# [Assigned task]
With the pictures left out, restate exactly the part below that opens with the line containing "2025-26 ONIT Tennessee" and closes with the line containing "OnePlus 9 5G Smartphone with Partial Damage".

# [Data provided]

══════════

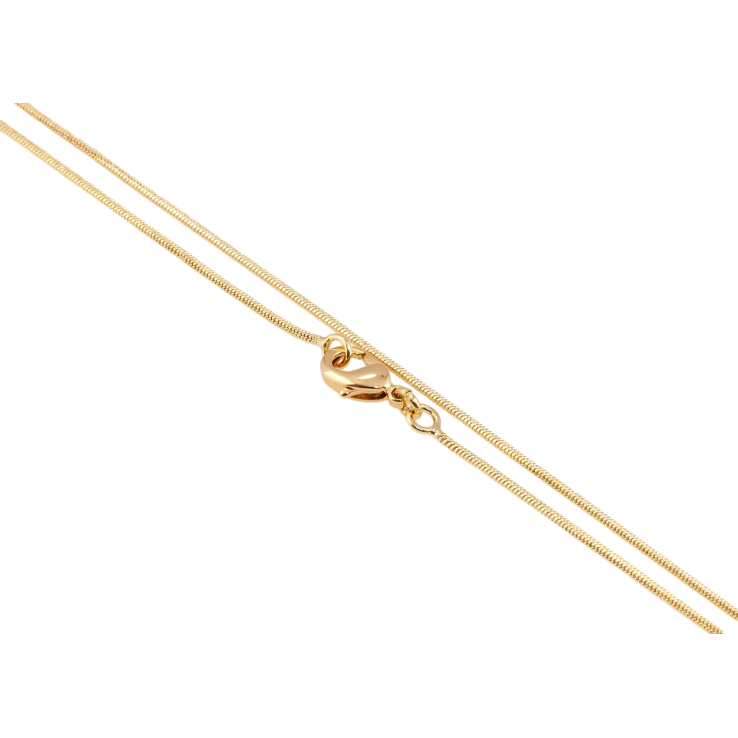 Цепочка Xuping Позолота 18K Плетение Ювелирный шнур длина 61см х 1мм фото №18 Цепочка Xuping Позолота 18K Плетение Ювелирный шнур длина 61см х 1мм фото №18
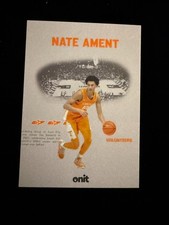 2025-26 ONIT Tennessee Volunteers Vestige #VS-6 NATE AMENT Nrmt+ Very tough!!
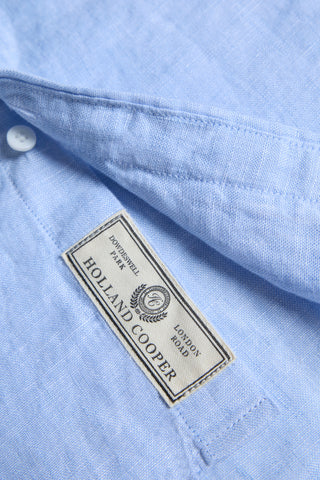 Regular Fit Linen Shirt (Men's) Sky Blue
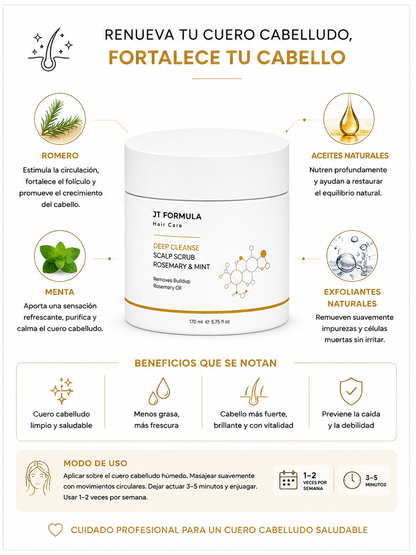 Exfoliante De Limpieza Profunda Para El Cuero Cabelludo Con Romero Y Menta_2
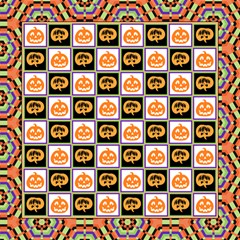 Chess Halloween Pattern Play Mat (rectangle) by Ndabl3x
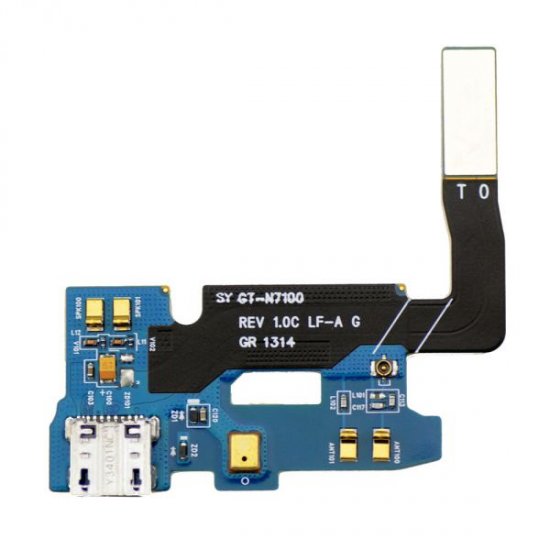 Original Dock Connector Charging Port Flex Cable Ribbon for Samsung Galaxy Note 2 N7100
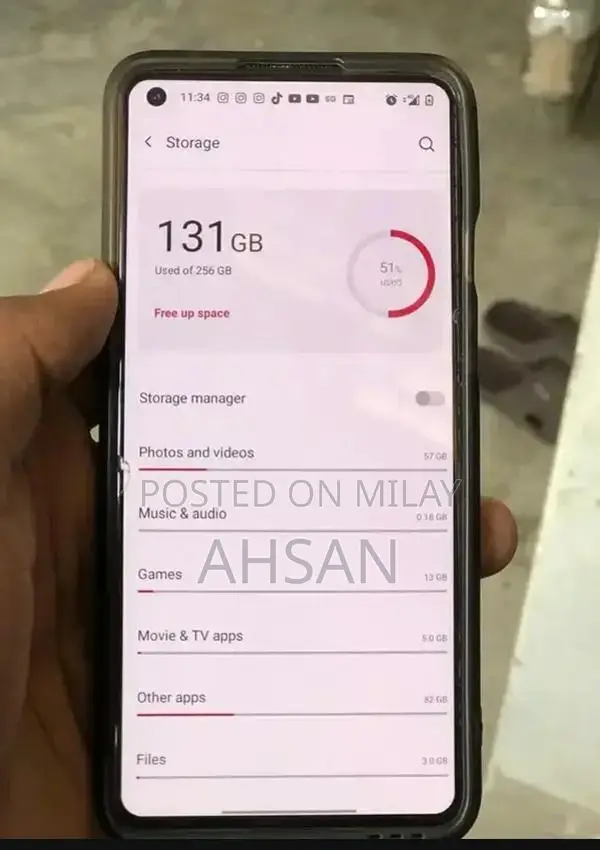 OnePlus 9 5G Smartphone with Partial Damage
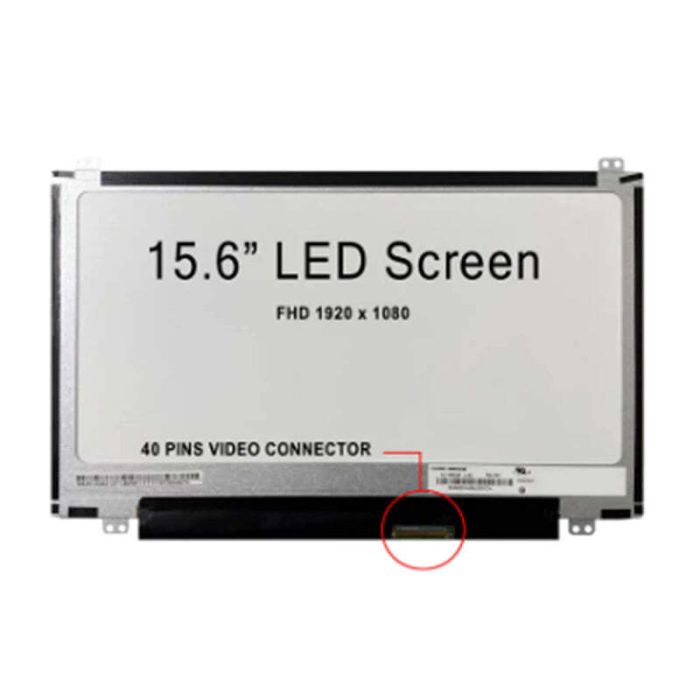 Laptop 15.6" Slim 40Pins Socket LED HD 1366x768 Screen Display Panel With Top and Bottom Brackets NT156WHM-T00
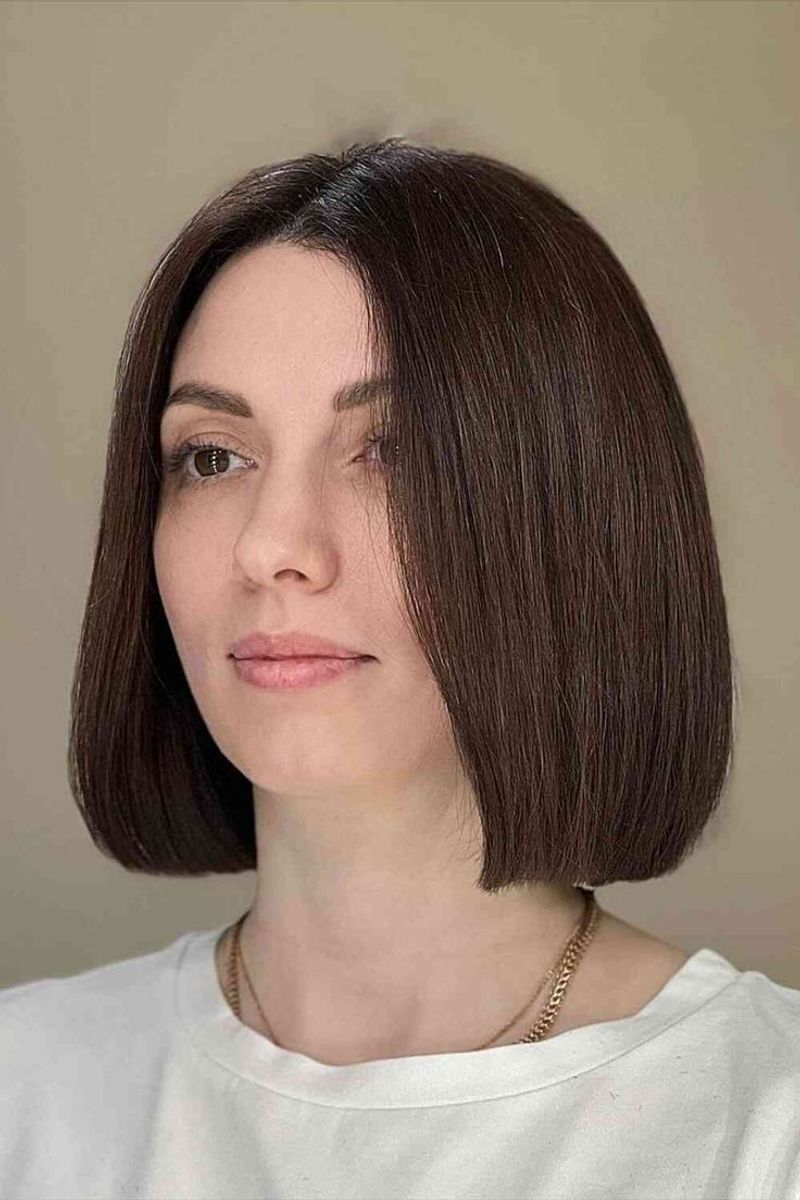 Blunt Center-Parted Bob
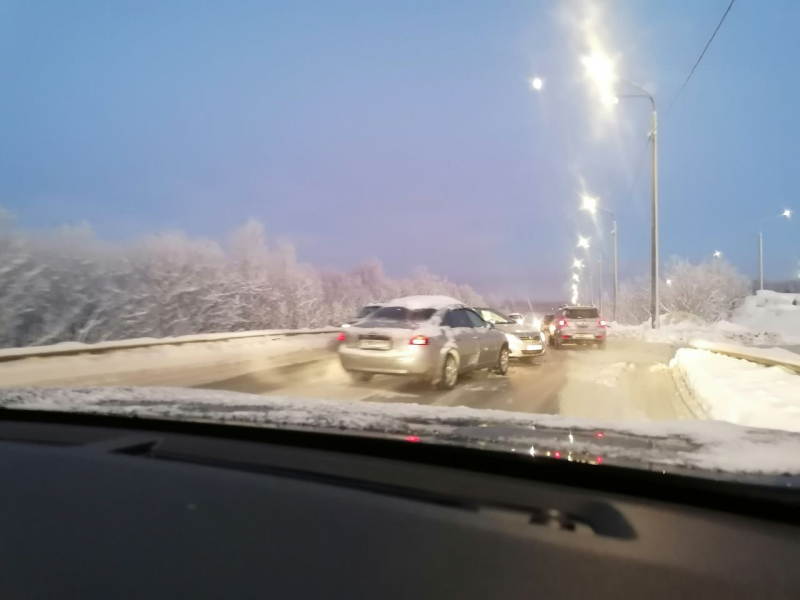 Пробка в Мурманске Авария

══════════

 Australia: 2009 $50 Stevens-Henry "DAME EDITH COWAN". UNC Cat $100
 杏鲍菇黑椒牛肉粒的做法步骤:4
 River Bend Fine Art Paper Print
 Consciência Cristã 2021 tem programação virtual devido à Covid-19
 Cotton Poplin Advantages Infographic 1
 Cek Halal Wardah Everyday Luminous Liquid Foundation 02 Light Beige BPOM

══════════

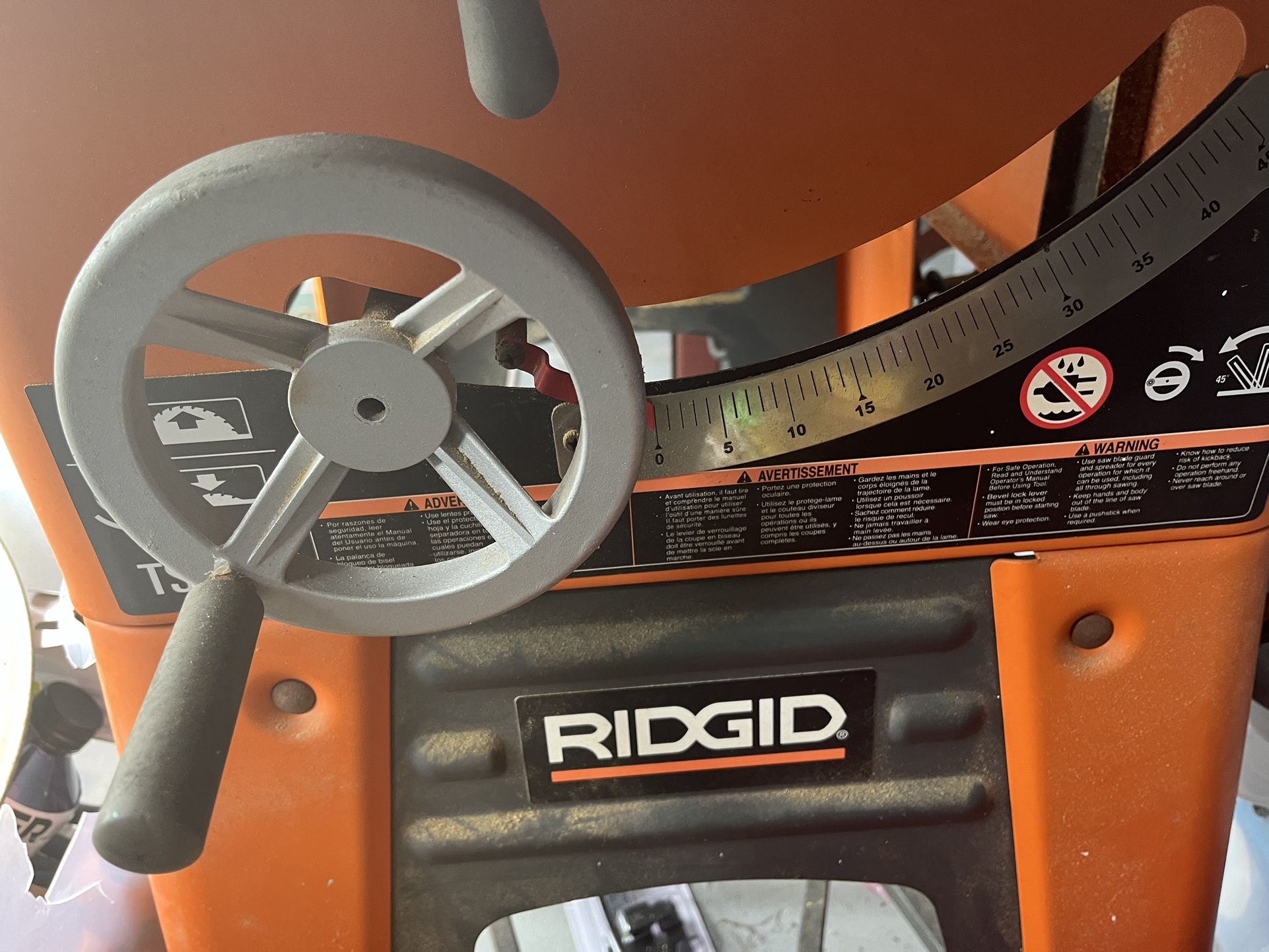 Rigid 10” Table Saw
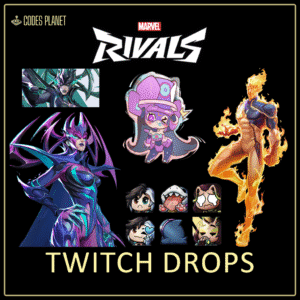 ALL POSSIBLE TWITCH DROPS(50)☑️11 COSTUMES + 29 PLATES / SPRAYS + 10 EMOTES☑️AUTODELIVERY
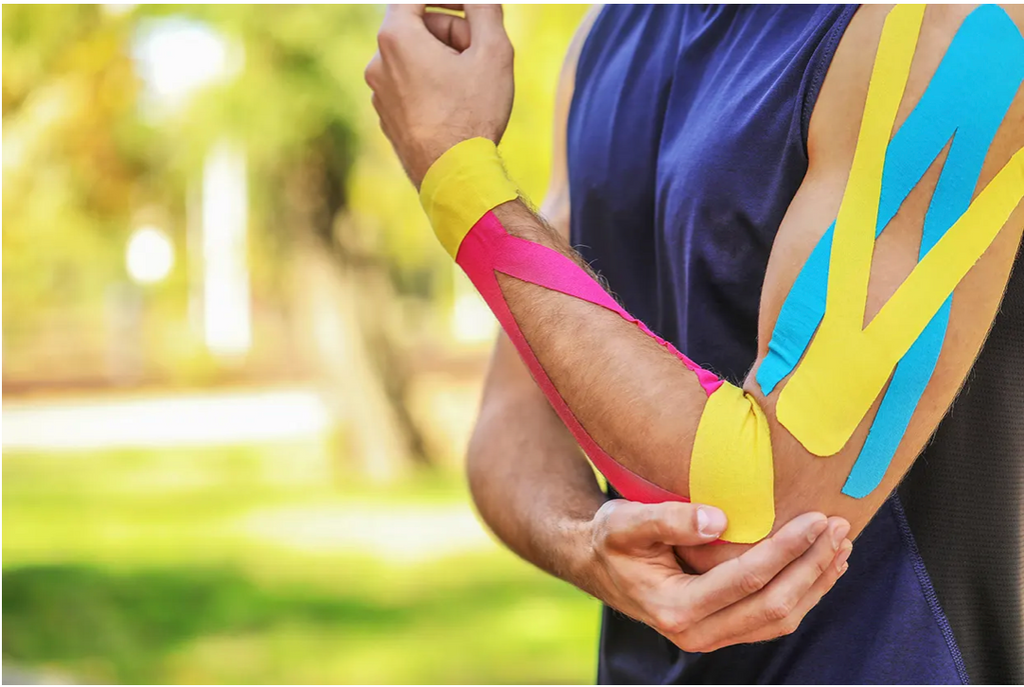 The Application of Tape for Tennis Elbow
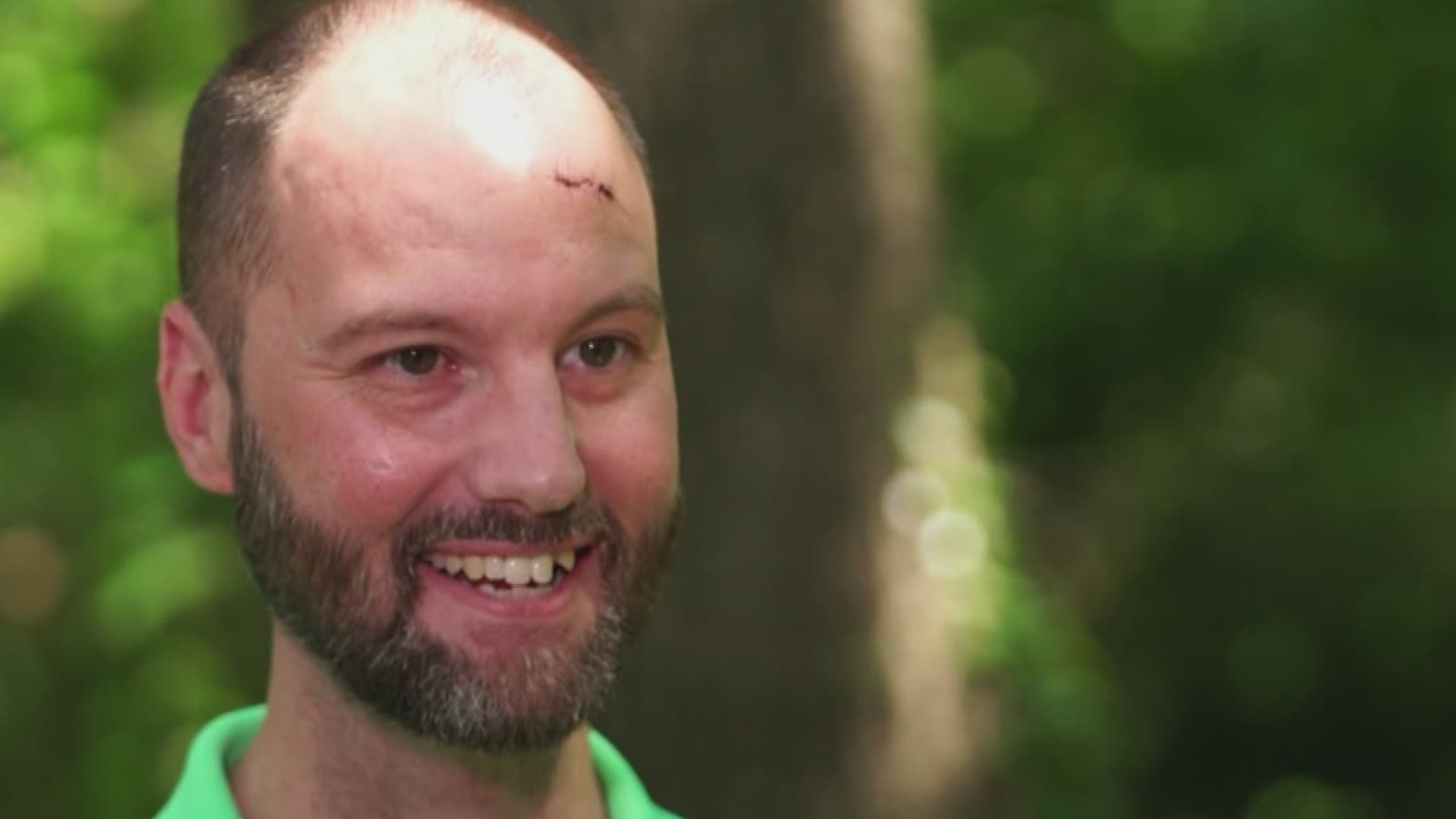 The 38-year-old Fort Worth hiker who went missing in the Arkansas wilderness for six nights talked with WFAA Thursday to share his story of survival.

══════════

# [Task answer]
 2025-26 ONIT Tennessee Volunteers Vestige #VS-6 NATE AMENT Nrmt+ Very tough!!
 Regular Fit Linen Shirt (Men's) Sky Blue
 Exfoliante De Limpieza Profunda Para El Cuero Cabelludo Con Romero Y Menta_2
 Chess Halloween Pattern Play Mat (rectangle) by Ndabl3x
 Original Dock Connector Charging Port Flex Cable Ribbon for Samsung Galaxy Note 2 N7100
 OnePlus 9 5G Smartphone with Partial Damage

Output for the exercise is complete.